# 1/144 Carrier Deck?



## WarpCore Breach (Apr 27, 2005)

Specifically, I'm looking for drawings of modern US carriers (Nimitz-class). Not necessarily the whole deck; as even 1/144 it would be in the order of some 7 1/2 feet long. I'm toying with the idea of a fighter launch diorama using some 1/144 US Navy fighter models so I basically just require the bow section layout to just behind the blast deflectors. 

Unless I'm just not defining my search parameters adequately- I'm not having having any luck finding anything that I can use. I have no plans to build a Nimitz-class in 1/144, either! However, maybe even just outlining the whole deck on cardboard in 1/144 would be kinda cool. Does anyone have better ideas where I can find flight deck drawings?


----------



## miniature sun (May 1, 2005)

Some years ago Dragon released a carrier launch diorama in this scale featuring an F-18 Hornet on its catapult complete with blast screen, flight deck crew and a tractor.
It is exceptionally well moulded with even the tie-downs on the deck.
I think they also released it with a Tomcat.
Give me five minutes and I'll try and post a pic of mine.


----------



## miniature sun (May 1, 2005)

Here you go...





































As you can see the detail is great. Its a while since I built it but I seem to recall some of the panel lines on the deck were raised so these were removed and rescribed.
The last pic is a little blurry but shows the two LED's I built into the engines. The power source is a 9v battery which feeds up through two thin wires with the insulation stripped off. I fed one up each maingear leg, disguised to look like brake pipes.


----------



## John P (Sep 1, 1999)

So, off to evilbay to find the old DML kit then?


----------



## WarpCore Breach (Apr 27, 2005)

Evilbay is too evil for me!! It would be the temptation of the Dark Side for sure. I have an idea of where to look, might know someone who just might have one.

But I was thinking of a concept for something a little bigger- for example, having either an F-14 (my favorite) or the F-18 launching just past the bow of the ship (maybe just the nose gear?) so my idea may be a little grandiose.

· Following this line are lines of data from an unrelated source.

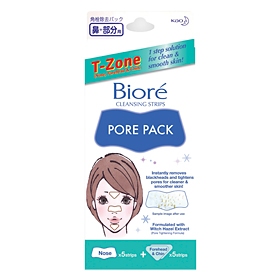 Jual Biore pore pack cleansing strips - Pore Pack | Shopee Indonesia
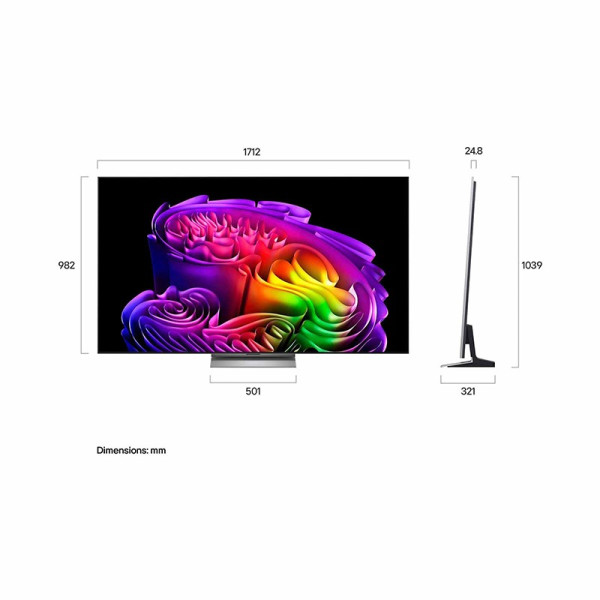 LG OLED EVO OLED77G6PSA.ATC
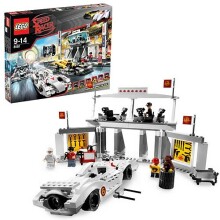 Игрушка SPEEDRACERS Lego Гонка Гран-При speed racer 8161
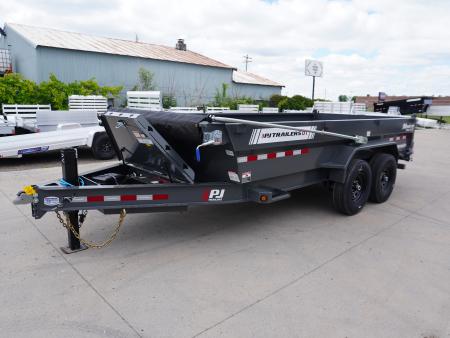 New 2027 PJ Trailers DT1 83 x16ft Dump Trailer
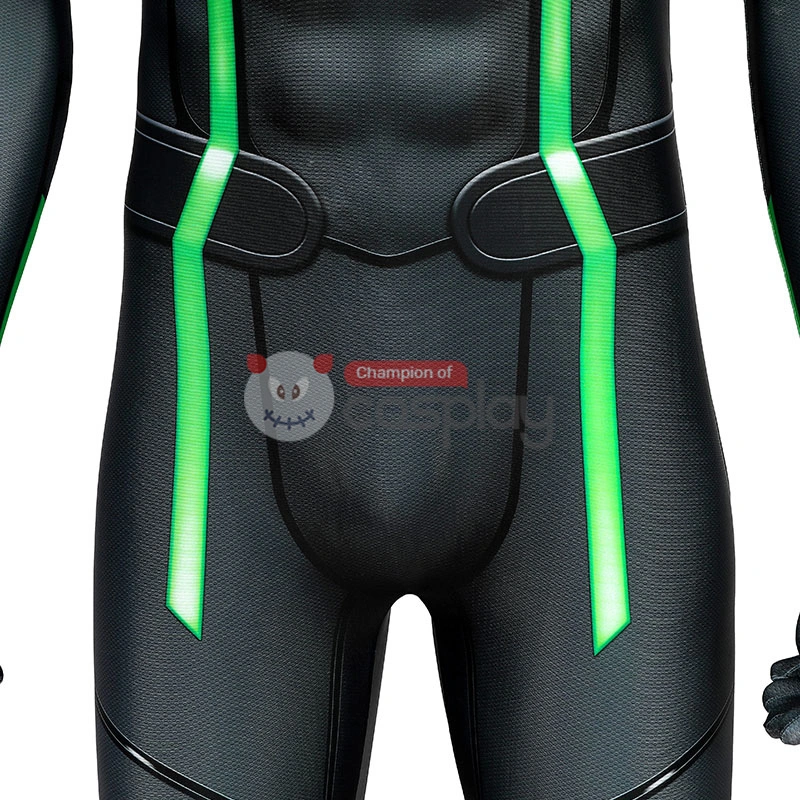 Spiderman Jumpsuit Spider Man PS4 Stealth Big Time Cosplay Costume Suit 10 Spiderman Jumpsuit Spider Man PS4 Stealth Big Time Cosplay Costume Suit - Image 10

I may toy with a proof-of-concept study model, though. Just to see how it might work.

Thanks for the heads-up on the Dragon model! :wave: I'll see what I can find about it.


----------



## John P (Sep 1, 1999)

That seems to be the favorite moment for Navy photogs to snap, too!

Hornets:
http://www.navy.mil/view_single.asp?id=31198
http://www.navy.mil/view_single.asp?id=30533
http://www.navy.mil/view_single.asp?id=30511
http://www.navy.mil/view_single.asp?id=30017
http://www.navy.mil/view_single.asp?id=30012
http://www.navy.mil/view_single.asp?id=29935
http://www.navy.mil/view_single.asp?id=29868
http://www.navy.mil/view_single.asp?id=29828
http://www.navy.mil/view_single.asp?id=29799
http://www.navy.mil/view_single.asp?id=29795
http://www.navy.mil/view_single.asp?id=29705
http://www.navy.mil/view_single.asp?id=29700

Tomcats:
http://www.navy.mil/view_single.asp?id=26384
http://www.navy.mil/view_single.asp?id=30955
http://www.navy.mil/view_single.asp?id=30812
http://www.navy.mil/view_single.asp?id=30817
http://www.navy.mil/view_single.asp?id=30561
http://www.navy.mil/view_single.asp?id=30572
http://www.navy.mil/view_single.asp?id=22839
http://www.navy.mil/view_single.asp?id=21552
http://www.navy.mil/view_single.asp?id=21159
http://www.navy.mil/view_single.asp?id=21083
http://www.navy.mil/view_single.asp?id=19608


----------



## WarpCore Breach (Apr 27, 2005)

Wow! Nice pics, John! Thanks!


----------



## drewid142 (Apr 23, 2004)

Here's the best one I've seen yet... just keep clicking cancel to get past the Japanese language stuff

http://naritafamily.com/Scalemodel/airplanes/photo_frame.htm


----------



## roadrner (Jul 21, 1999)

One heck of a dio. :thumbsup: :thumbsup: rr


----------